Luke Muehlhauser writes:
Over the years, my colleagues and I have spoken to many machine learning researchers who, perhaps after some discussion and argument, claim to think there’s a moderate chance — a 5%, or 15%, or even a 40% chance — that AI systems will destroy human civilization in the next few decades. 1 However, I often detect what Bryan Caplan has called a “missing mood“; a mood they would predictably exhibit if they really thought such a dire future was plausible, but which they don’t seem to exhibit. In many cases, the researcher who claims to think that medium-term existential catastrophe from AI is plausible doesn’t seem too upset or worried or sad about it, and doesn’t seem to be taking any specific actions as a result.
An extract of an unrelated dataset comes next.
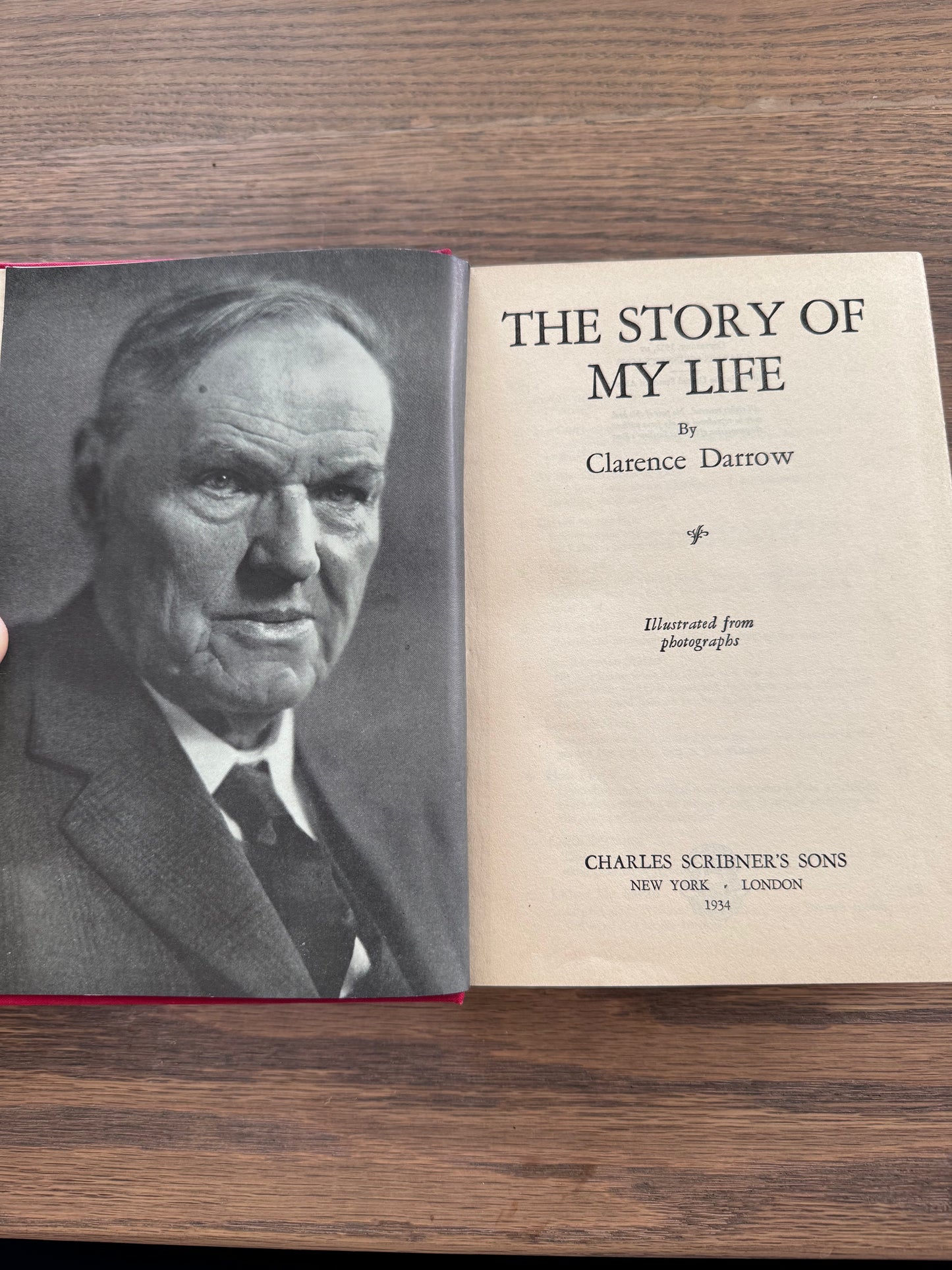 The Story Of My Life - Clarence Darrow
Not so with Elon Musk. Consider his reaction (here and here) when podcaster Joe Rogan asks about his AI doomsaying. Musk stares at the table, and takes a deep breath. He looks sad. Dejected. Fatalistic. Then he says:
I'll make an analogy here as to get around the AI-worship induced gut reactions:
I think most people are fairly convinced there isn't a moral imperative beyond their own life, as in, even if behaving as if your own life is the ultimate driver of moral value is wrong and ineffective, from a logical standpoint it is, once your conscious experience ends everything ends.
I'm not saying this is certain, it may be that the line between conscious states is so blurry that continuity between sleep and awakenes is basically 0, or as much as that between you can other completely different humans (which will be alive even once you die and will keep on flourishing). It may be that there is a ghost in the machine under whatever metaphysical framework you want... but, if I had to take a bet, I'd say something like ... 15,40,60% chance that once you close your eyes is over, the universe is done for.
I think many people accept this viewpoint, but most of them don't spend even a moment thinking about anti-aging, even those like myself that do, aren't to concerned about death in a "mood" sense. Why would you be? It's inevitable, like, yeah, your actions might contribute to averting death by 0.x% if you're very lucky and so you should pursue that area because... well, nothing better to do, right? But it makes no sense to concern oneself about death in an emotional way since it's likely coming anyway.
After all the purpose of life is living, and if you're not living because you're worrying about death you lost, even in the case where you were able to defeat death, you still lost, you didn't live, or less metaphorically you lived a life of suffering, or of unmeet potential.
Nor does it help to be parallelized by the fear of death every waking moment of one's life. It will likely make you less able to destory the very evil you are oposing.
Such is the case with every potential horrible inevitability in life, even if it is "absolute" in it's bad-ness, being afraid of it will not make ir easier to avoid and it might ultimately defeat the purpose of avoiding it, which is the happiness of you and the people you care about, since all of those will be more miserable if you are paralleized by fear.
So even if whatever fake model you had assumed a 99.9% chance of being destroyed by HAL or whatever in 10 years from now, it would still be the most sensible course of action to not get too emotional about the whole thing.